Ubiquitous single-use plastic bags have an outsized impact on our environment. Plastics are usually made from petroleum, and typically require fossil fuel-powered energy to produce. Plastics are not biodegradable, and can take hundreds, or even thousands of years to decompose, littering our cities, and polluting natural areas, waterways, and oceans. Wildlife often ingest discarded plastic bags, mistaking them for food, which can lead to digestive or breathing problems. A European Commission study of the North Sea found that 90% of examined birds had plastic in their stomachs.

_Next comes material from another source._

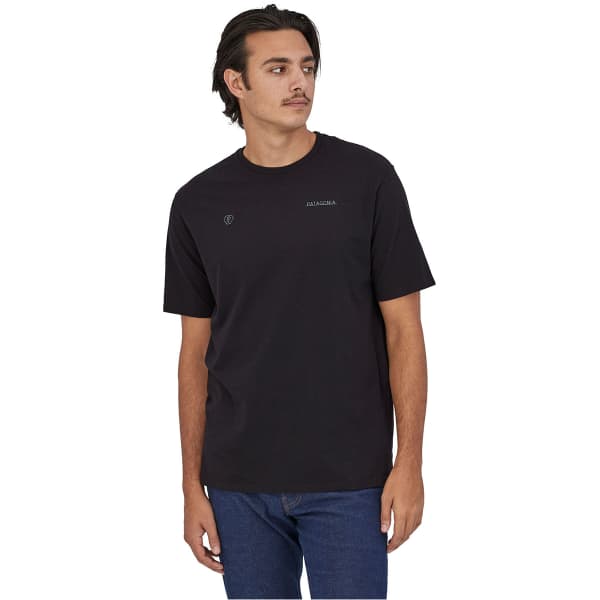 T-shirt PATAGONIA M'S FORGE MARK RESPONSIBILI-TEE BLACK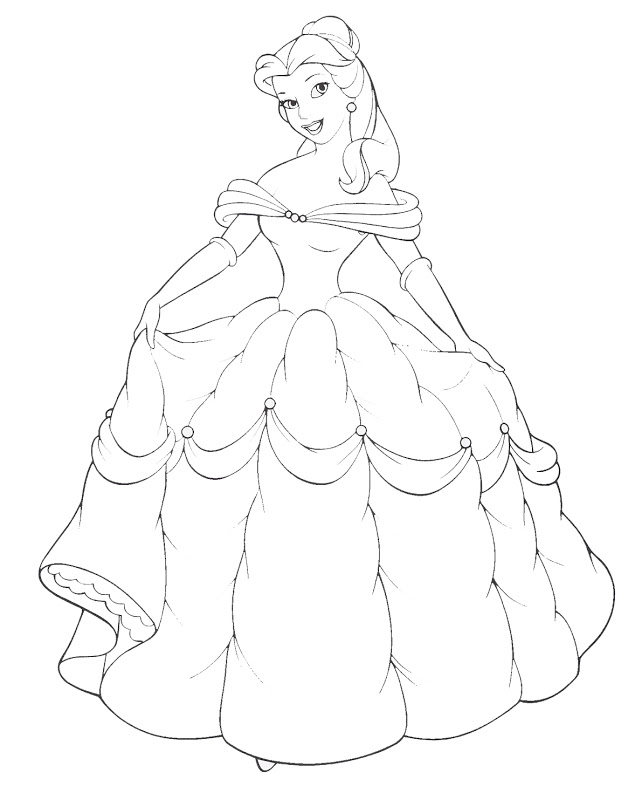 Disney Princess Dress Up Coloring Pages 635x800 Disney Princess Dress Up Coloring Pages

On the other hand, bans on single-use plastic bags have shown drastic reductions in plastic bag litter. The ban on single-use plastic bags in San Jose led to an 89% reduction in plastic litter in the city’s storm drain system, and a 60% reduction in creeks and rivers. Similarly, a bag tax in Ireland let to a 95% reduction in plastic bag litter.
We recommend a YES vote on Proposition 67 to help reduce plastic waste, and protect our environment.
NO on Prop 65
Prop 65 would direct any funds raised from bag fees to the Wildlife Conservation Fund, a state agency that allocates funds for recreational areas and wildlife habitat protection. On its surface this proposition seems complementary to Prop 67, but it is sponsored by the American Progressive Bag Alliance, an organization of plastics industry companies that fights against efforts to ban plastic bags, and is leading the opposition to Prop 67. Instead, Prop 65 places an added burden on retailers to shoulder the full cost of implementing the bag ban, and the administrative task of directing bag fees to the state.
Prop 65 is not supported by any environmental organizations, and is opposed by organizations such as Clean Water Action, the Surfrider Foundation, Heal the Bay, and the California Environmental Justice Alliance Action. Opponents of the measure note that state revenues from bag fees will be very limited, and will diminish over time as consumers adapt to bringing their own reusable bags.
Prop 65 is not about protecting wildlife, it is designed to confuse voters and turn retailers against bag bans. We recommend a NO vote.